● WORK INSTRUCTIONS
Retype the whole listing below precisely.

● DATA SEGMENT
⟨

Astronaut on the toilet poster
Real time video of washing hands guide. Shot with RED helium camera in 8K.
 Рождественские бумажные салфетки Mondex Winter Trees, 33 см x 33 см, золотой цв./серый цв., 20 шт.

⟩

● WRITTEN SOLUTION
Astronaut on the toilet poster
Real time video of washing hands guide. Shot with RED helium camera in 8K.
 Рождественские бумажные салфетки Mondex Winter Trees, 33 см x 33 см, золотой цв./серый цв., 20 шт.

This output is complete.